### PROBLEM DETAILS
Retype each record below word for word. Leave the pictures out.

### Records drawn from a dataset
───
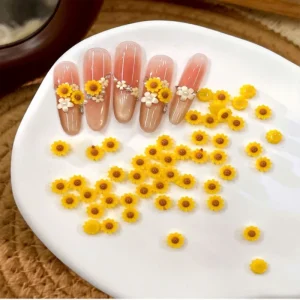 Custom Beauty Resin Nail Charms Mixed Colors Rose Flower Butterfly Rhinestone Jewelry 3D DIY Press Nail Decorations Art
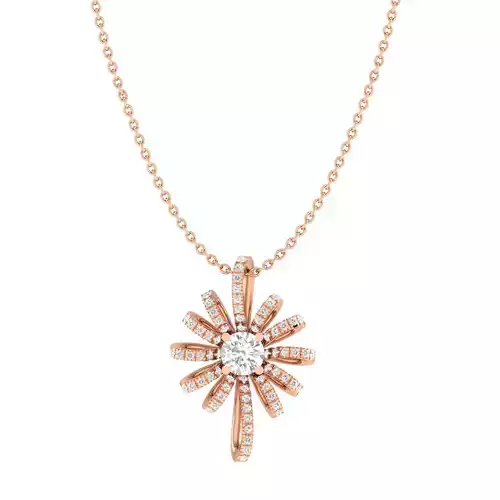 women flower solitaire pendant 3dm stl jcd render details 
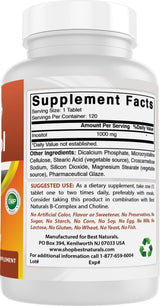 Best Naturals Inositol 1000 mg 120 cápsulas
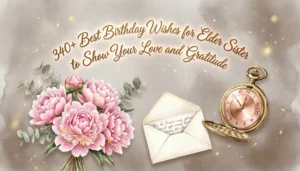 Read more about the article 340+ Best Birthday Wishes for Elder Sister to Show Your Love and Gratitude 💐🎂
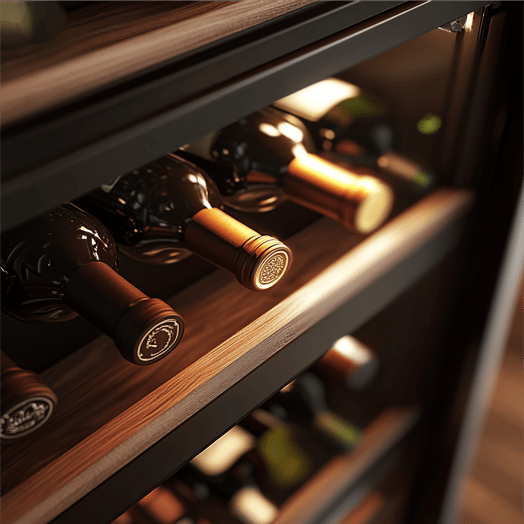 Modern Luxury Living Room Storage Wine Home Bar Cabinet Clear Glass Wine Cellar Display Cooler
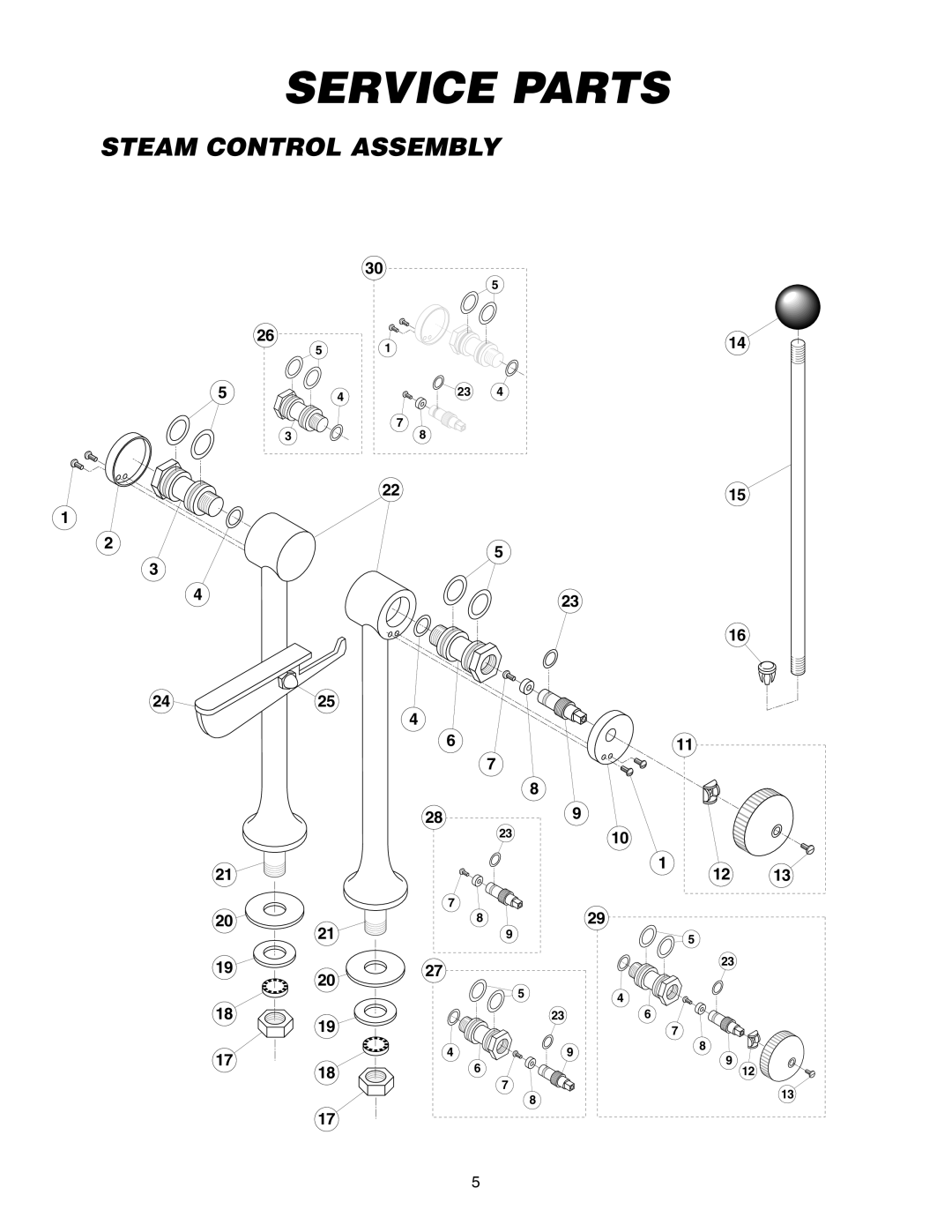 Cleveland Range KE50151-E manual Service Parts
───
### SOLUTION TO THIS PROBLEM
 Custom Beauty Resin Nail Charms Mixed Colors Rose Flower Butterfly Rhinestone Jewelry 3D DIY Press Nail Decorations Art
 women flower solitaire pendant 3dm stl jcd render details 
 Best Naturals Inositol 1000 mg 120 cápsulas
 Read more about the article 340+ Best Birthday Wishes for Elder Sister to Show Your Love and Gratitude 💐🎂
 Modern Luxury Living Room Storage Wine Home Bar Cabinet Clear Glass Wine Cellar Display Cooler
 Cleveland Range KE50151-E manual Service Parts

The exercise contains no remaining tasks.